**EXERCISE PROMPT**:
Using the records below, write out only the lines from the line containing "Maurizio Sarri, the" up to and including the line containing "a bedroom with", exactly, with no pictures.

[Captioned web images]
--

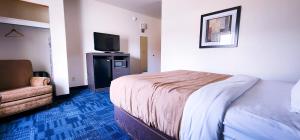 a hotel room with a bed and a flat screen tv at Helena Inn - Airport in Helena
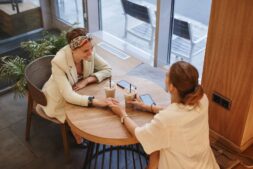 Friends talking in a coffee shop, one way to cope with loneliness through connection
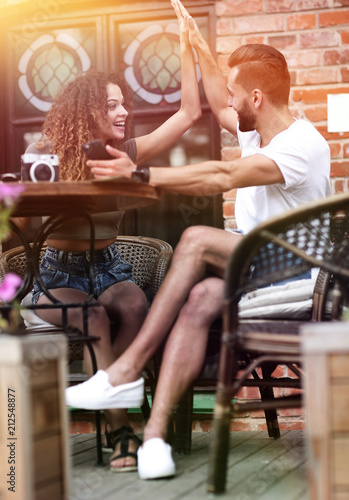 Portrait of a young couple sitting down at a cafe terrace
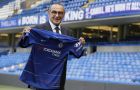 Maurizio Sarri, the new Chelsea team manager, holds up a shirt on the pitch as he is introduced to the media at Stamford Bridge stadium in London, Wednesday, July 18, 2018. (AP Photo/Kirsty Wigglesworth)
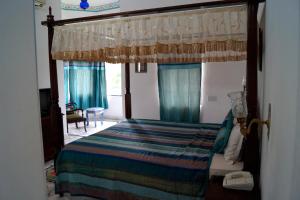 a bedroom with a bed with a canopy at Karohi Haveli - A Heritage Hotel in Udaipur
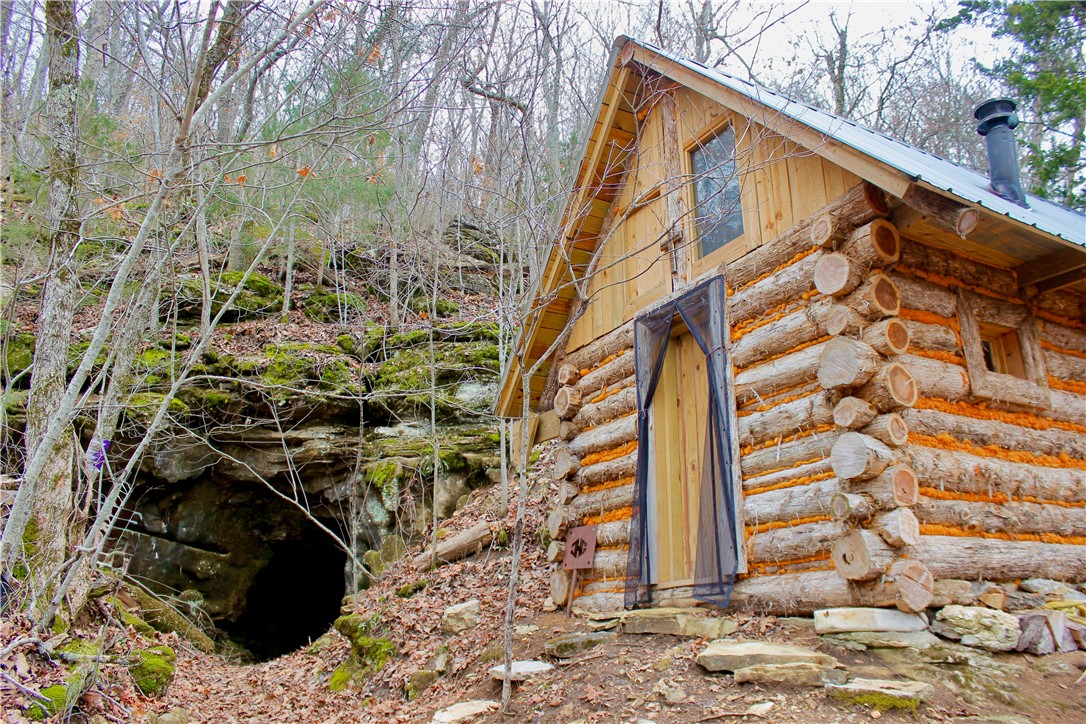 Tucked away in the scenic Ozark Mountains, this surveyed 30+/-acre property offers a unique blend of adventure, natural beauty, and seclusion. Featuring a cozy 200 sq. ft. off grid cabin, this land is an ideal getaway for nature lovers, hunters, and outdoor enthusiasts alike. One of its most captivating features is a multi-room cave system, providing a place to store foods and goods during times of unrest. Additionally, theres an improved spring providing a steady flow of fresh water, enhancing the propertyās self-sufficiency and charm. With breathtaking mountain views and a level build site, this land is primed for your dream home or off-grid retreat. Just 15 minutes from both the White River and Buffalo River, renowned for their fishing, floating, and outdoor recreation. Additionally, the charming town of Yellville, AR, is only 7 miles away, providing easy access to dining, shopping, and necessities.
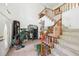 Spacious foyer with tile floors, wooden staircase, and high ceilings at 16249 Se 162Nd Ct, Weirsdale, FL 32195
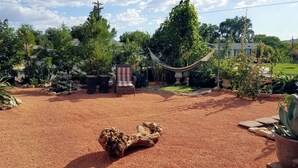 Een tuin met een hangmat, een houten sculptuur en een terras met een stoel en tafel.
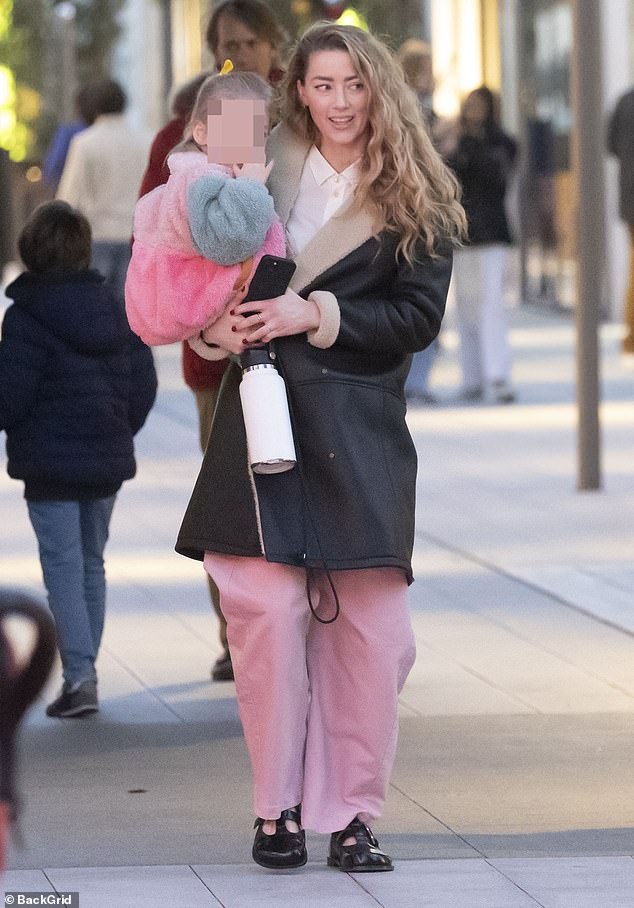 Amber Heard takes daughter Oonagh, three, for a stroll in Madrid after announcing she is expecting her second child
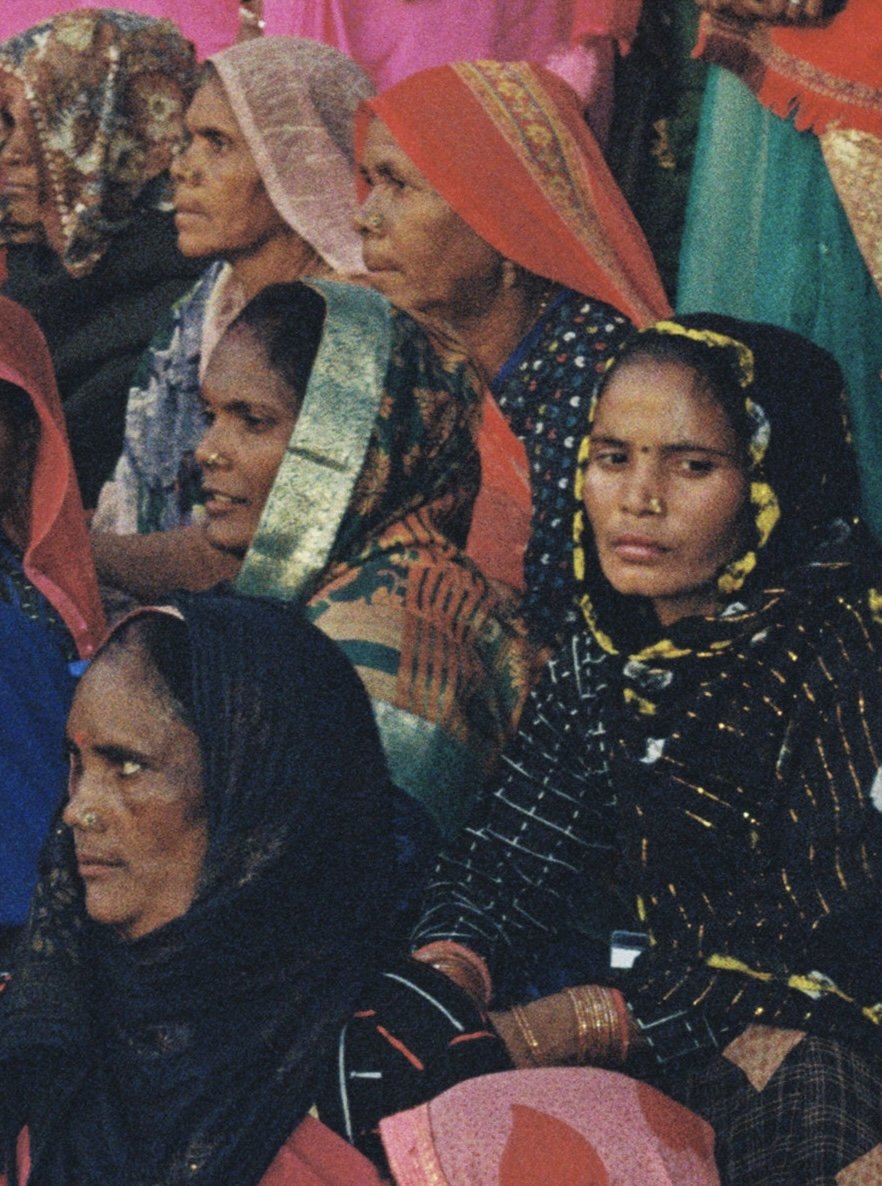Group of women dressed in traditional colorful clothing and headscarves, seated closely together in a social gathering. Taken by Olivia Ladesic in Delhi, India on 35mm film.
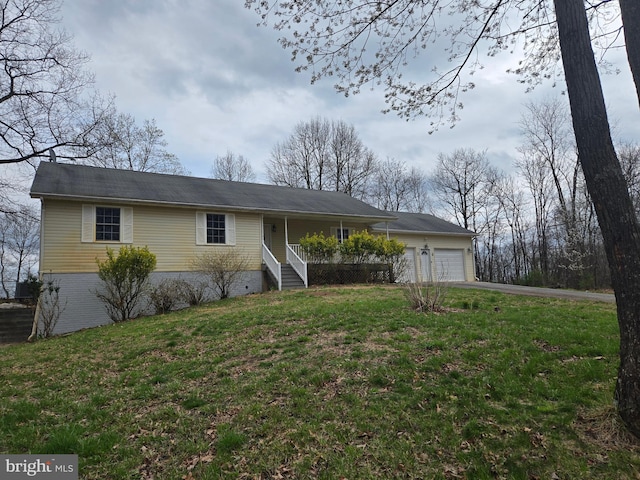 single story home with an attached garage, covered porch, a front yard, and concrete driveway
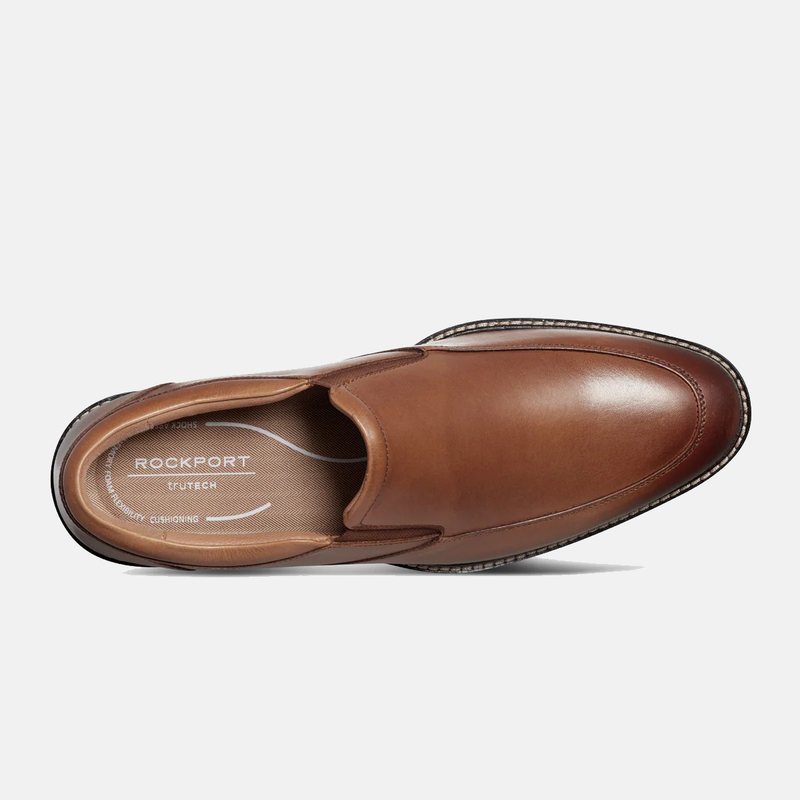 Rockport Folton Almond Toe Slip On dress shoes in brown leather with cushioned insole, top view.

--

**TASK RESULT**:
 Maurizio Sarri, the new Chelsea team manager, holds up a shirt on the pitch as he is introduced to the media at Stamford Bridge stadium in London, Wednesday, July 18, 2018. (AP Photo/Kirsty Wigglesworth)
 a bedroom with a bed with a canopy at Karohi Haveli - A Heritage Hotel in Udaipur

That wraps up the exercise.